While laboratory investigations do not specify any specific findings for the diagnosis of influenza, certain patterns have been identified clinically. Patients usually develop leukopenia and lymphopenia unless they have already developed secondary bacterial pneumonia. There is also a possibility of the development of hypoxemia.
Rapid diagnostic tests of influenza are available, which although accurate, are not sensitive or precise. The QuickVue Influenza A+B test can provide conclusive results in 10 minutes, while the Zstat Flu test requires 20 minutes to yield test results. As the accuracy of these tests can decrease over time due to viral mutations, periodic standardization is essential.
The Alere I Influenza A & B test, based on a molecular assay, was approved in 2017 by the FDA and is frequently used in point-of-care testing. Results can be confirmed within 15 minutes and are more reliable compared to those of other rapid diagnostic tests.
While these tests are helpful in a clinical setting, viral cultures and tests based on the principle of reverse-transcriptase polymerase chain reaction are standard criteria to confirm the diagnosis of influenza. Viral cultures require approximately a week to yield results, which render them useless from a clinical point of view due to the lag time. Drug interventions should be commenced as promptly as possible.
Recently, a reverse-transcriptase polymerase chain reaction test has been approved for the detection of influenza viral proteins. This test can differentiate between influenza type A and B viruses, classify type A viruses by subtypes based on the H and N genes, and detect the highly pathogenic avian virus, H5N1.
The inflammatory response to an influenza virus infection is different from that of bacterial pneumonia. Therefore, the use of a testing panel based on interleukin-10 to distinguish influenza from viral or bacterial pneumonia has been recommended. Influenza was found to be associated with high interleukin-10 levels (average of 88.69 pg/mL) in infected patients. These levels were significantly higher compared to those in the other etiologies of pneumonia.
Imaging studies are required for patients presenting with symptoms of possible complications, or in high-risk populations including the elderly. A chest X-rays can show multiple diffuse infiltrates, a finding consistent with adult respiratory distress syndrome.
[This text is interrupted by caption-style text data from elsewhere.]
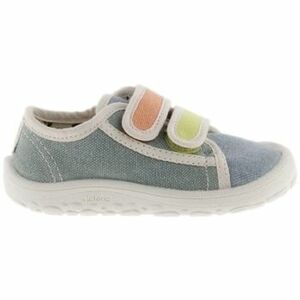 Módne tenisky Victoria Baby Sneakers 370115 Barefoot - Blue vyobraziť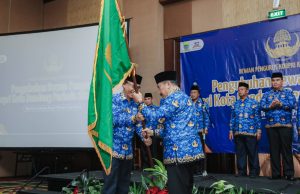 Bambang Tirtoyuliono: Korpri Harus Turut Sukseskan Program Pemerintah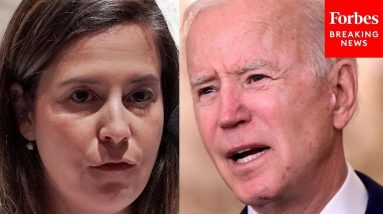 'Worst Border Crisis In Over 30 Years': Elise Stefanik Tears Into Biden Over Migrant Surge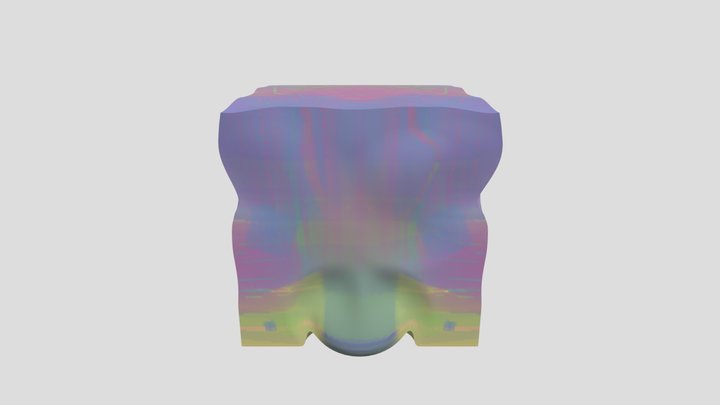 My model 3D Model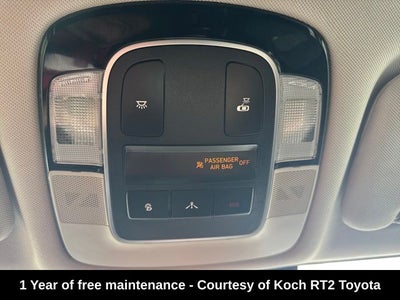 2022 Hyundai Sonata Hybrid Blue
Patients who show diffuse lung infiltrates, consistent with adult respiratory distress syndrome, should be screened for influenza A.
The current understanding of genetic shift and drift in the influenza virus allows us to anticipate the most likely epidemic strain of a season. Vaccination is recommended for those who are six months and older. Annual vaccination against the influenza virus can not only prevent the disease in most patients, but can also alleviate symptoms in the event of an infection.
Patients with a confirmed diagnosis of influenza usually benefit from bed rest. They may also benefit from antiviral therapy if started within the first 48 hours of the onset of symptoms (within the first 24 hours is recommended). Oseltamivir, peramivir, and zanamivir inhibit neuraminidase activity, which is responsible for cell-to-cell spreading.
Antivirals are helpful in alleviating symptoms, preventing complications in high-risk patients, shortening disease duration, and decreasing mortality in more severe strains such as influenza A. Current recommendations indicate antiviral therapy for up to six days with an aim to lower mortality, after the onset of symptoms in individuals with confirmed avian influenza infections.
This treatment modality is associated with higher costs and significant adverse effects. Thus, the decision to prescribe antivirals should be made on a case-to-case basis. Accordingly, antiviral therapy should be used only in a select population of patients who are severely ill, require hospitalization, are at risk of complications, or who present with symptoms that last more than 48 hours after the initial presentation.